Start of Block

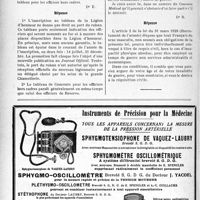 1721 - Page 1678-LXXII - Correspondance. Questions medico-militaires. Droit de porter le ruban de la Légion d’honneur / Réquisition civile des médecins
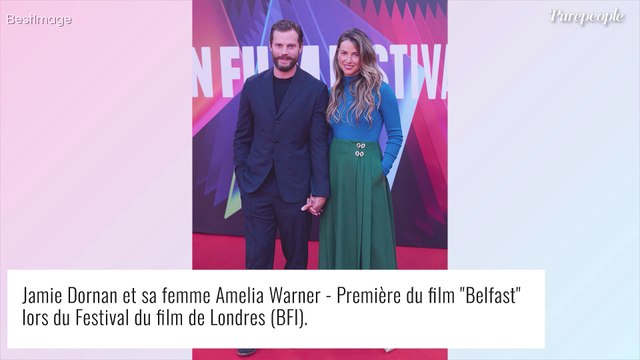 Jamie Dornan fou de sa femme Amelia sur le tapis rouge, Caitriona Balfe déesse dorée pour Belfast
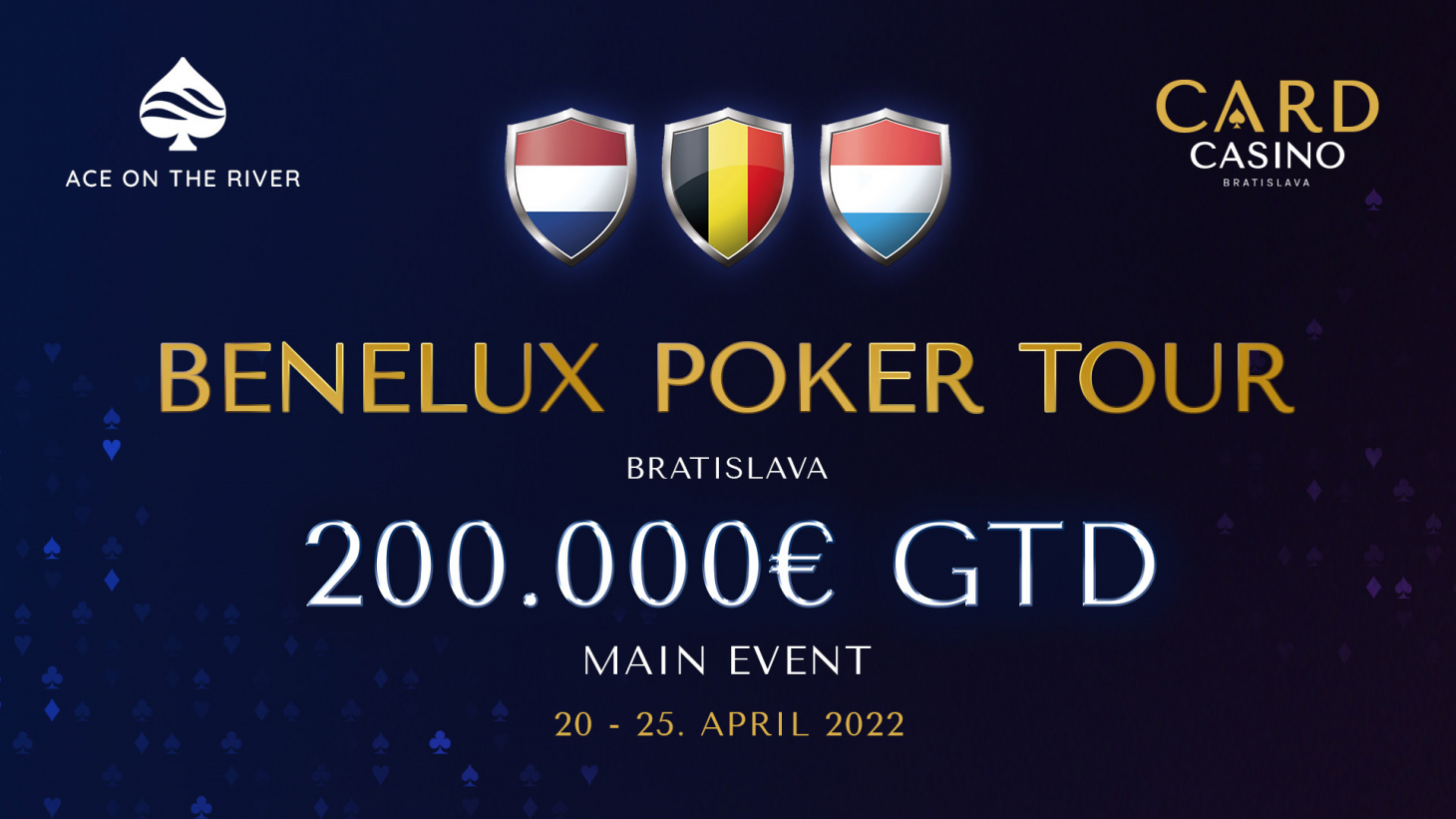 Card Casino Bratislava is inviting to Benelux Poker Tour with Main Event 200 000€ GTD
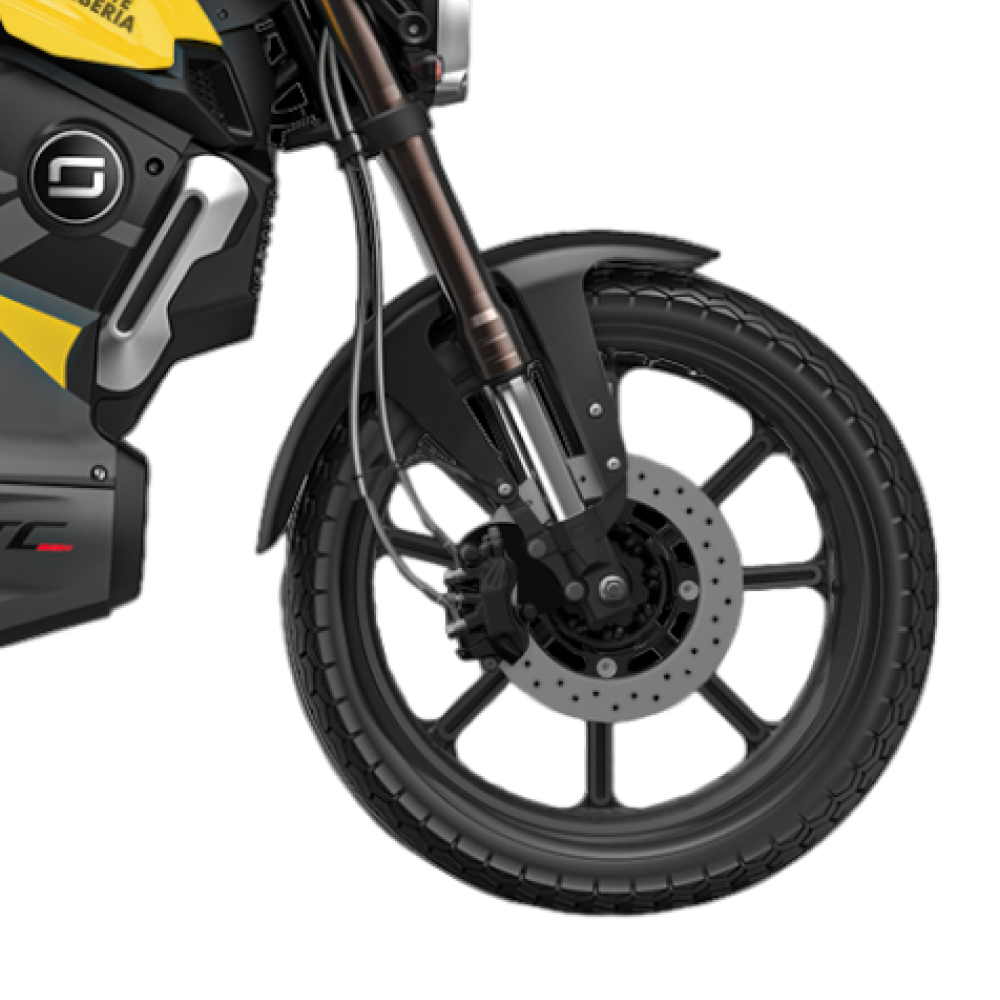 Купить электромотоцикл WHITE SIBERIA SUPER SOCO TC MAX (Жёлтый) по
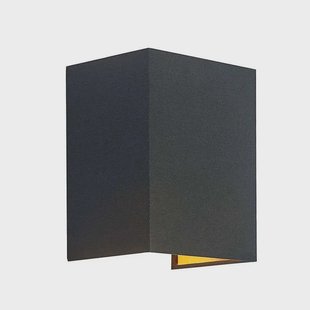 Lindby - Lukani Wandlamp Black/Gold/Nickel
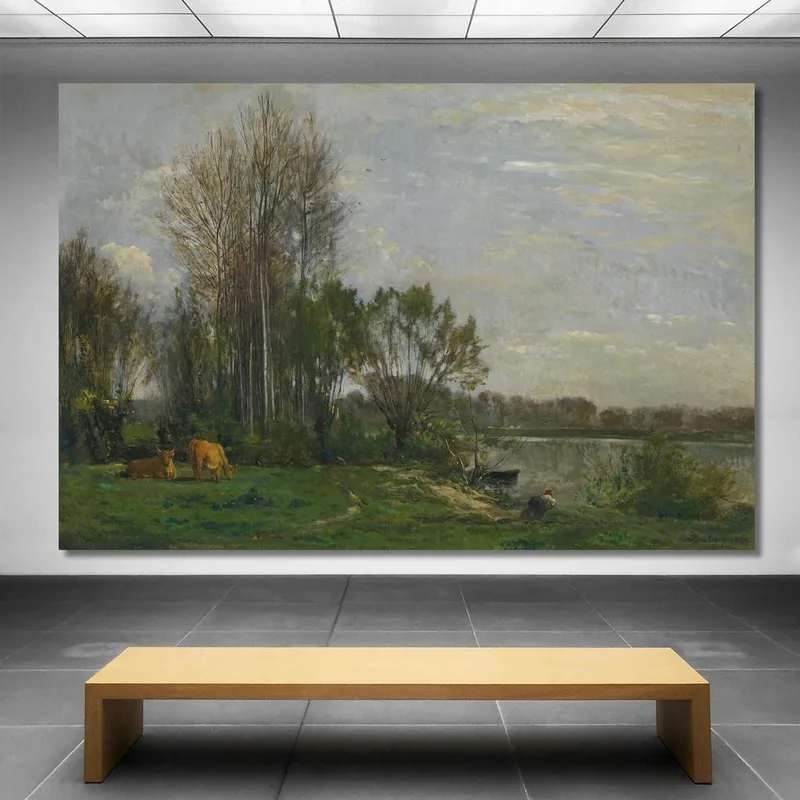 Le Sponde Dell'Oise Charles François Daubigny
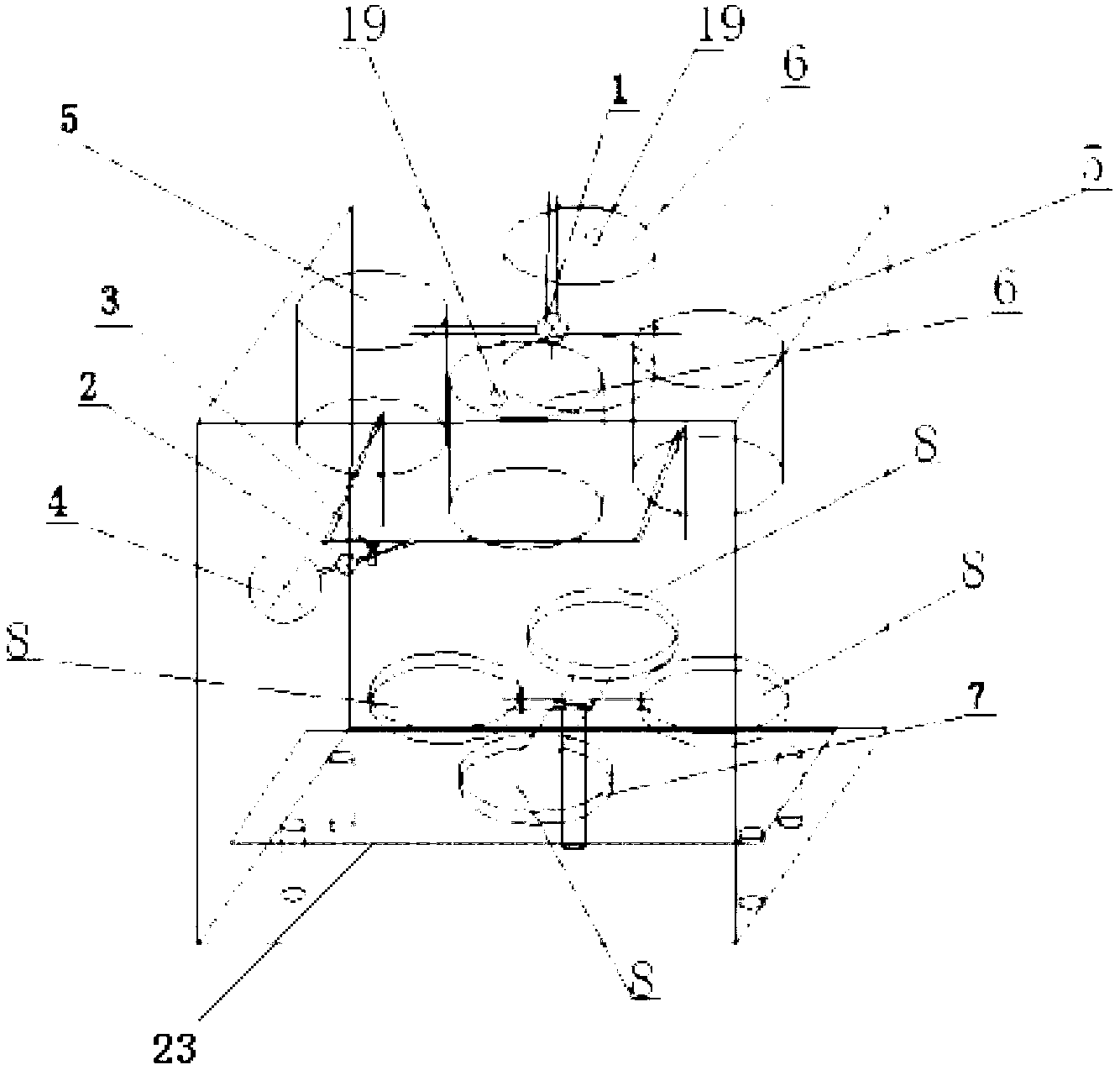 Wetting-drying cycle tester for water rock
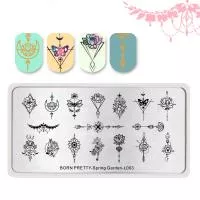 Born Pretty, Пластина для стемпинга 12*6 см 42518 BP-L003 Spring garden, 1 шт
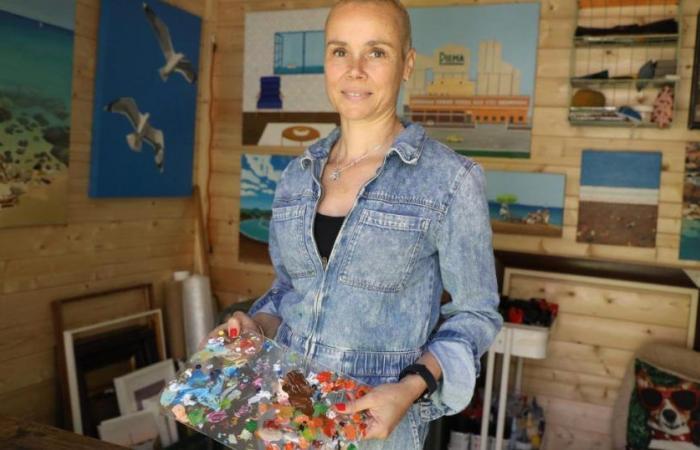 Art in Mallorca | The painter Octavia Campbell-Davys paints the light and blue of the Island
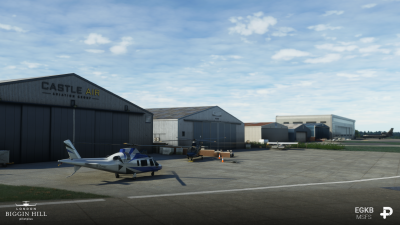 EGKB London Biggin Hill Airport - Microsoft Flight Simulator screenshot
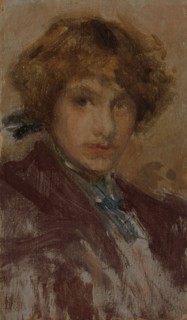 Study of a Girl's Head and Shoulders, 1896/97. Creator: James Abbott McNeill Whistler.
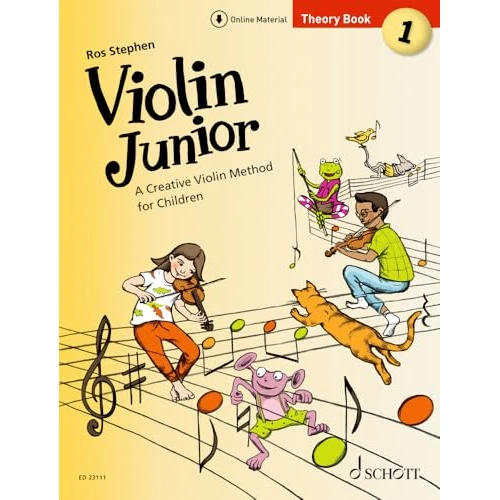 Limited-time offer: Violin Junior: Theory Book 1 - A Creative Violin Method for Children - Violin Sheet Music - Schott Music (ED 23111): Livre de théorie 1 from 11.99 GBP to 11.25 GBP (save 6%)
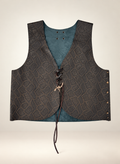 Serpiente del Sur — Chaleco Boho Reptil Oscuro
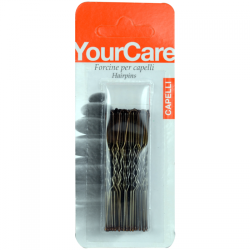 Komet YourCare - 12 Forcine Castano Per Capelli da 2,5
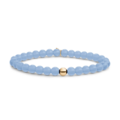 SPARKLING SPARKLING Armband | Saturn Armband Large Milky Blue Jade | Verguld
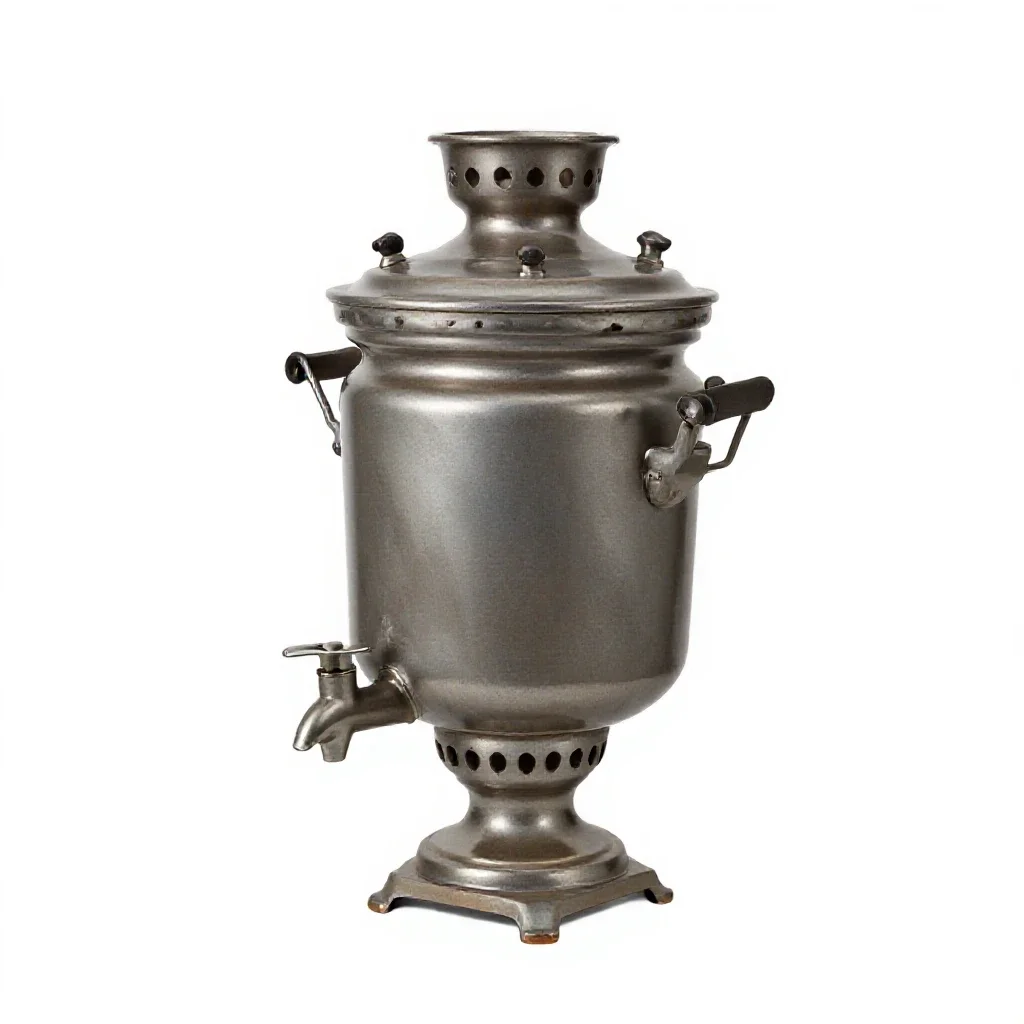 Samovar isolated on a white background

End of Block

# Aim of the exercise
Restate word for word, and only, the lines from the line that contains "EGKB London Biggin" through the end of the data, both included; pictures are not part of the copy.

# Answer for the task
 EGKB London Biggin Hill Airport - Microsoft Flight Simulator screenshot
 Study of a Girl's Head and Shoulders, 1896/97. Creator: James Abbott McNeill Whistler.
 Limited-time offer: Violin Junior: Theory Book 1 - A Creative Violin Method for Children - Violin Sheet Music - Schott Music (ED 23111): Livre de théorie 1 from 11.99 GBP to 11.25 GBP (save 6%)
 Serpiente del Sur — Chaleco Boho Reptil Oscuro
 Komet YourCare - 12 Forcine Castano Per Capelli da 2,5
 SPARKLING SPARKLING Armband | Saturn Armband Large Milky Blue Jade | Verguld
 Samovar isolated on a white background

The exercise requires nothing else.